Creating and maintaining a company culture centered on philanthropy is ultimately a team effort. We value employee input and engage the company as we venture into new projects, asking employees how they feel about certain causes or volunteer activities and then encouraging participation. For example, my company formalized our commitment to our values by creating a philanthropy division that seeks out cases of injustice, provides pro bono legal services and develops media campaigns. We also engage our roster of talent to amplify voices and stories.
2. Build a community invested in your business’ mission.
Whether formal or informal, that commitment has helped attract extraordinary talent. I am proud of the commitment and support our employees have for humanitarian causes, for lending new perspectives and voices to that work, and for seeing it as a crucial part of their day-to-day work.
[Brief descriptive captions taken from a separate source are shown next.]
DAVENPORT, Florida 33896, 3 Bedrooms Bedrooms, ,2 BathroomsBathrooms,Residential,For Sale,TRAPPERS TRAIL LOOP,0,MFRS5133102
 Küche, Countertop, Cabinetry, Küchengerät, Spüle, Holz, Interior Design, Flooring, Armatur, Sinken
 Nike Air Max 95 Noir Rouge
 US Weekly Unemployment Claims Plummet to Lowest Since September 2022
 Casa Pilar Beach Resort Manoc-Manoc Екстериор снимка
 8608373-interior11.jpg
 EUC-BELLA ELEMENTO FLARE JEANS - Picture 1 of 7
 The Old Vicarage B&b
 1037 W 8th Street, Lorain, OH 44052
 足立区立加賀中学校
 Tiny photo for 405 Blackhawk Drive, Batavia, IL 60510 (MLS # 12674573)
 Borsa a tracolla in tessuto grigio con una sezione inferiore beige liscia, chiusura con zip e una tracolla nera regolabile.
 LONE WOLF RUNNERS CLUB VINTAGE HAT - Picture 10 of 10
It has become an ingrained part of our corporate culture and helps us attract and retain talented people for whom our mission runs deep.
With philanthropy a core part of business culture, companies can build a strong community of clients and customers who are invested in the success of the company and brand beyond just the products or services offered. When a company is seen as socially responsible, I’ve found it can attract long-term customer and client loyalty. Aim to partner with organizations that are similarly committed to humanitarian work and community activism.
3. Create tangible change.
Scaling philanthropic work can be challenging. However, shared expertise can be helpful as you pursue this important work. To build a strong sense of community around your company’s shared mission, it’s important to engage with staff. Ask employees to provide input and participate in projects and initiatives, and engage with those helped by the work. When considering community partners to work with, look for evidence of their participation in the work. To scale philanthropic initiatives, find what works, and once that formula is established it will be easier to seamlessly replicate.
This work cannot be a one-and-done effort. It needs to lead to sustainable, transformative and actionable impact. For instance, my company works to create lasting change with a newly formed non-profit and a national database project for causes we support.
Creating lasting change and impact is possible, but it requires effort and a willingness to invest in the work. Develop a team with shared values, ask for staff feedback and input along the way and foster a company culture with humanitarianism at its core. Business leaders can create initiatives, programs, think tanks and action items that support their philanthropic aspirations and projects when they have the right people at the helm.
I believe deeply that our commitment to philanthropy and humanitarianism at my company is one of the drivers of our success and that it can be a driver of success to all companies that redirect efforts to these values.